[Start of section]

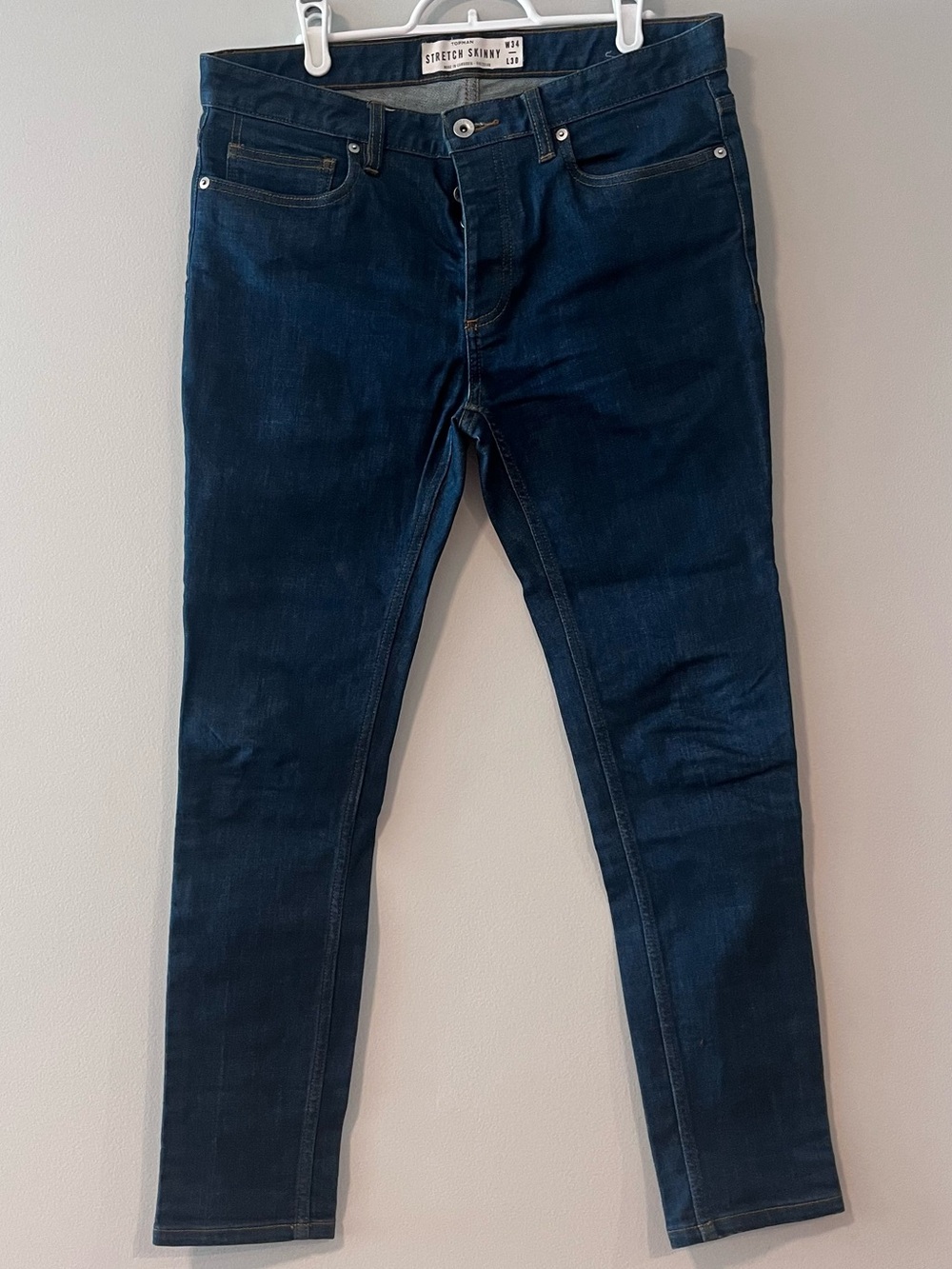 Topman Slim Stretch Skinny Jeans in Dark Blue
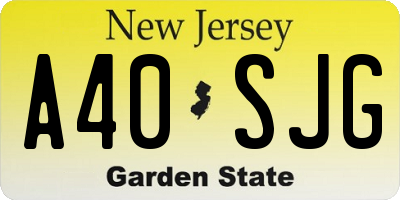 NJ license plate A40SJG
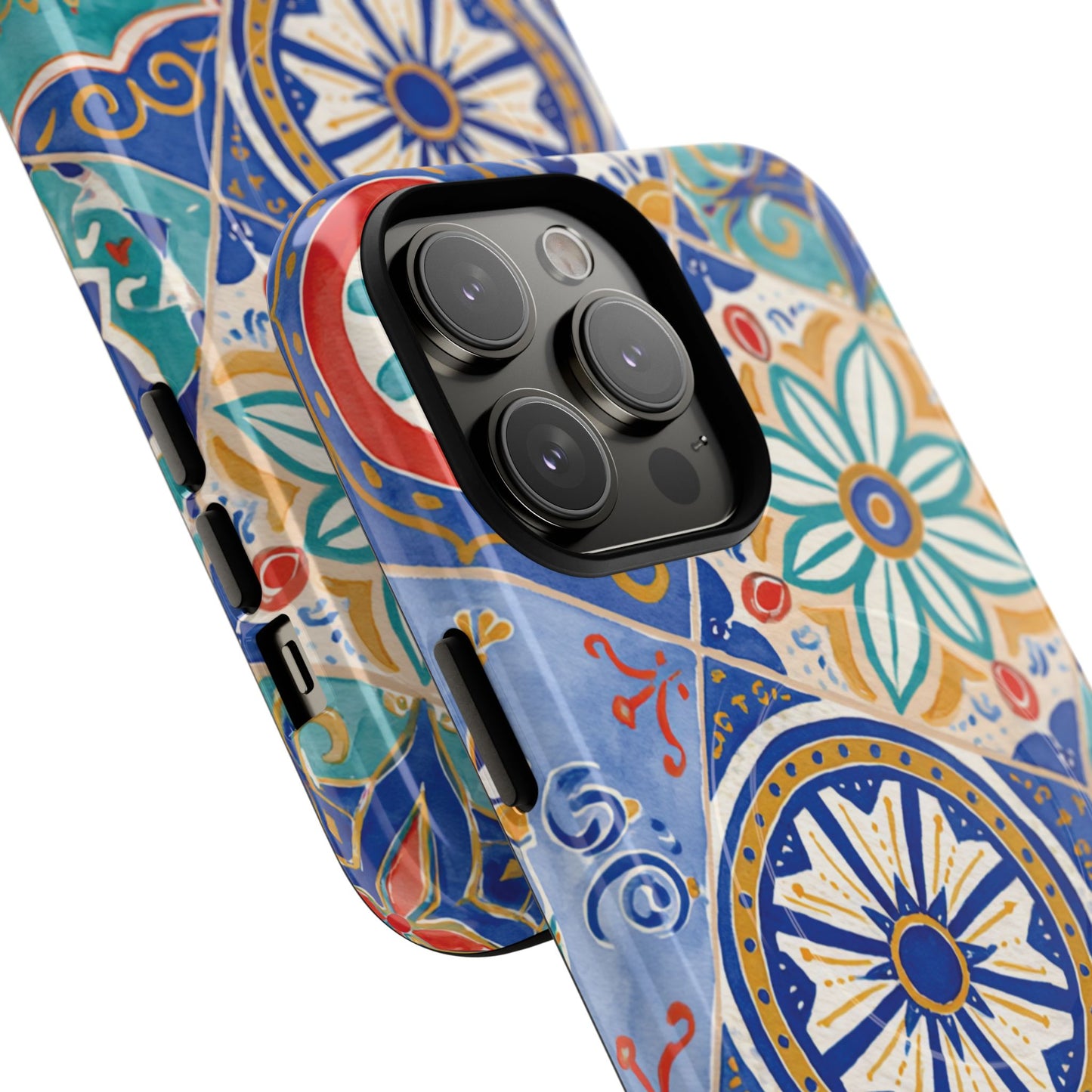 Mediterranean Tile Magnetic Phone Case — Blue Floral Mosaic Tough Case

[End of section]
[Start of section]

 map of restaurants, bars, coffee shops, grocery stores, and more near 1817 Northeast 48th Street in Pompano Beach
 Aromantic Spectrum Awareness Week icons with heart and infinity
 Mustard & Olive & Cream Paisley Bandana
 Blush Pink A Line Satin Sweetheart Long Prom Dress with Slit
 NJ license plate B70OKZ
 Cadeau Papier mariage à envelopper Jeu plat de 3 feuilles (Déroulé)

[End of section]

» Task instructions: Determine how many lines of the records hold the word "with", giving only that number.

» Exercise output: 2